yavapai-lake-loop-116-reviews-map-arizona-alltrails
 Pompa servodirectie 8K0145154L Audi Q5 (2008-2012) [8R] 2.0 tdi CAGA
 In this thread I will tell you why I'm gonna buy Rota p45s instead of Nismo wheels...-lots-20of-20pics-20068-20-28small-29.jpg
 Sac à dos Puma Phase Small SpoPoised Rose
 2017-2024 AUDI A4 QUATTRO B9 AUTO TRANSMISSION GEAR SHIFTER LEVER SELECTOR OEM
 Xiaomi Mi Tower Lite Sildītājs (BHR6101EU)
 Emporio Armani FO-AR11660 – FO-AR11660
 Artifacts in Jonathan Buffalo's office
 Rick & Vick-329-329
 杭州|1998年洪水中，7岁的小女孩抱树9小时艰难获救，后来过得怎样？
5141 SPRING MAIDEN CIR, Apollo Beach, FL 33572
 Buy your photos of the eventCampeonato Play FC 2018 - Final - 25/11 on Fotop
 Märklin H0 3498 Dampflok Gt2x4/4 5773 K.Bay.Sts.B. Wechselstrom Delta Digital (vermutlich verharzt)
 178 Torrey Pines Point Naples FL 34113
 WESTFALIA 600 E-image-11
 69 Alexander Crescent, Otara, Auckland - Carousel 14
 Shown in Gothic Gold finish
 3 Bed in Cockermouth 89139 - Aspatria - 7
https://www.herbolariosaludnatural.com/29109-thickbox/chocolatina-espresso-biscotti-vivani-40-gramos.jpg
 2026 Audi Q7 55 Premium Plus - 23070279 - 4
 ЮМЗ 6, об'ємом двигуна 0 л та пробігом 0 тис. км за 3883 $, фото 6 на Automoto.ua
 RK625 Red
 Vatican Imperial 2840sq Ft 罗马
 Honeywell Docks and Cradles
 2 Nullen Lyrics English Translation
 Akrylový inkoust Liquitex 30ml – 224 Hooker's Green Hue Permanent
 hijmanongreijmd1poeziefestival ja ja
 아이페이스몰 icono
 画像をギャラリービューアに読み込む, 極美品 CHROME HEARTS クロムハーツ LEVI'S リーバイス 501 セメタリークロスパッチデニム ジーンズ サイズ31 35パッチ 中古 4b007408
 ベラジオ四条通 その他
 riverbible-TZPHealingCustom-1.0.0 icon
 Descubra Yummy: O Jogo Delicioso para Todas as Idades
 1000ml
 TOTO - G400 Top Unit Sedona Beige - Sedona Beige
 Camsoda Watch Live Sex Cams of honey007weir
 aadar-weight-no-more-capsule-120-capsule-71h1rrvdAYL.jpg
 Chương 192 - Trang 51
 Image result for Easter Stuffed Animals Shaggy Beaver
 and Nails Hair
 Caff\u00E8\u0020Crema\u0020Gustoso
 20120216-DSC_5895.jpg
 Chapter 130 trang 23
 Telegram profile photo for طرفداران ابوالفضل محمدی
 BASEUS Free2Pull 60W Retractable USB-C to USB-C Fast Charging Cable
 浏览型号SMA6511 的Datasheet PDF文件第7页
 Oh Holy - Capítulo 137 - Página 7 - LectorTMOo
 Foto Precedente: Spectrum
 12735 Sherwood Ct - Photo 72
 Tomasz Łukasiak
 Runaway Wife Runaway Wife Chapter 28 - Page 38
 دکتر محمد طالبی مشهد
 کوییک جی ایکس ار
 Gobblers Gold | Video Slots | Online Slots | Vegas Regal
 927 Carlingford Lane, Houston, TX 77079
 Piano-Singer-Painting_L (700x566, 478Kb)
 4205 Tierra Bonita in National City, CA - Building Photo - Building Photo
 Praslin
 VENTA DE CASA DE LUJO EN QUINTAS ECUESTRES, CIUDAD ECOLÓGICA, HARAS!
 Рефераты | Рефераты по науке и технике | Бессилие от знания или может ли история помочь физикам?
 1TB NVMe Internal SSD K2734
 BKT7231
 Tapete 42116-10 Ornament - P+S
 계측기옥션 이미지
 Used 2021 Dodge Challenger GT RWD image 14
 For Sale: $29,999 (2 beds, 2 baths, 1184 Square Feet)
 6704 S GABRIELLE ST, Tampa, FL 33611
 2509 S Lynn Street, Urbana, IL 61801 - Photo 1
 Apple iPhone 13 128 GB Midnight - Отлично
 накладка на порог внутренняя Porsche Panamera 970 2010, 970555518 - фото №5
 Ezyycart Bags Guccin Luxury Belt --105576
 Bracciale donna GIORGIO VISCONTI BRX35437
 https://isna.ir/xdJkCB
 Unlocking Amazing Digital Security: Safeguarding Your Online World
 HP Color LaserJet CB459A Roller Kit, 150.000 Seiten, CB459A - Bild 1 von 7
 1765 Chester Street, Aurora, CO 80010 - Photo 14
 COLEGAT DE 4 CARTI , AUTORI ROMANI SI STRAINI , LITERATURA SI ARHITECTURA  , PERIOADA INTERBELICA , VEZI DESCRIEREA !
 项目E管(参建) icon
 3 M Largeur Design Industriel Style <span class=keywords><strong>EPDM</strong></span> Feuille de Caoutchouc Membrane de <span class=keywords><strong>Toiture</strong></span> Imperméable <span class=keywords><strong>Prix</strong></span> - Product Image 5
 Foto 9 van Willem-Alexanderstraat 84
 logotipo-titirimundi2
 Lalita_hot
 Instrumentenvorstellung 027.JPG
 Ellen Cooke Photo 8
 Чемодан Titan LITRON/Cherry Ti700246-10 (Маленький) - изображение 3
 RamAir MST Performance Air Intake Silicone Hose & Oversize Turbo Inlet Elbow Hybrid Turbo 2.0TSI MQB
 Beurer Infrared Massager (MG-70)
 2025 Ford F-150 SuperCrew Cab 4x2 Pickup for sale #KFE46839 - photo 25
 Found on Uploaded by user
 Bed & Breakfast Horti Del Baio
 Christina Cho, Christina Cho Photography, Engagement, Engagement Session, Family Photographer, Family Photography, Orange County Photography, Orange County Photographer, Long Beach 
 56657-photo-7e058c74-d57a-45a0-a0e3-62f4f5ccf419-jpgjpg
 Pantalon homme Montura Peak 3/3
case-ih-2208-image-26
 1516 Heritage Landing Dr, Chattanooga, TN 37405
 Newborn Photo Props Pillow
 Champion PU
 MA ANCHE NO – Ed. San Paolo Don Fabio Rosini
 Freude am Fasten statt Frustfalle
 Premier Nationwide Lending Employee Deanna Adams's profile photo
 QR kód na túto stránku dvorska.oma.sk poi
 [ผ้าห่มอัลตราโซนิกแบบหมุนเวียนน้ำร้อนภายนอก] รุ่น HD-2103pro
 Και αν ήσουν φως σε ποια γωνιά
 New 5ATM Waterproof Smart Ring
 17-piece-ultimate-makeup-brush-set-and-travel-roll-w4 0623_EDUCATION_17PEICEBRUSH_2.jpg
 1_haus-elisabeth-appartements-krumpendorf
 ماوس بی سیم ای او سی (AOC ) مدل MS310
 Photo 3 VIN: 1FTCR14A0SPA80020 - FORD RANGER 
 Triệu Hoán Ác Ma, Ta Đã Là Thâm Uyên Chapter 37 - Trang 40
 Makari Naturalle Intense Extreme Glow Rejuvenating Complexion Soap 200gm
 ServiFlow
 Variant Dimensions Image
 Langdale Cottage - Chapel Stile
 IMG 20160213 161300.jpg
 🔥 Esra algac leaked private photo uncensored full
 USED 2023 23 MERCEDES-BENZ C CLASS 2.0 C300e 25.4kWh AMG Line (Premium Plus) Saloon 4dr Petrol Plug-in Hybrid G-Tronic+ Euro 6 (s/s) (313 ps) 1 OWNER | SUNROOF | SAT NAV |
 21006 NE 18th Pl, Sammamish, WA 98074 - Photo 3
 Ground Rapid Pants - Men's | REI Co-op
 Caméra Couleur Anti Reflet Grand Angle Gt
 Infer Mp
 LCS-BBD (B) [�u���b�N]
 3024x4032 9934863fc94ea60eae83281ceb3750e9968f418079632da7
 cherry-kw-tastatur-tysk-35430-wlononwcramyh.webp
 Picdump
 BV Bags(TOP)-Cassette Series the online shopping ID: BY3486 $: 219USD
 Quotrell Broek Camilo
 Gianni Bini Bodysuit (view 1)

ACTIVITY> Scan the lines above for "IMG 20160213 161300.jpg" and for "3024x4032 9934863fc94ea60eae83281ceb3750e9968f418079632da7". Repeat exactly the line holding each of them and every line in between.

EXERCISE ANSWER>
 IMG 20160213 161300.jpg
 🔥 Esra algac leaked private photo uncensored full
 USED 2023 23 MERCEDES-BENZ C CLASS 2.0 C300e 25.4kWh AMG Line (Premium Plus) Saloon 4dr Petrol Plug-in Hybrid G-Tronic+ Euro 6 (s/s) (313 ps) 1 OWNER | SUNROOF | SAT NAV |
 21006 NE 18th Pl, Sammamish, WA 98074 - Photo 3
 Ground Rapid Pants - Men's | REI Co-op
 Caméra Couleur Anti Reflet Grand Angle Gt
 Infer Mp
 LCS-BBD (B) [�u���b�N]
 3024x4032 9934863fc94ea60eae83281ceb3750e9968f418079632da7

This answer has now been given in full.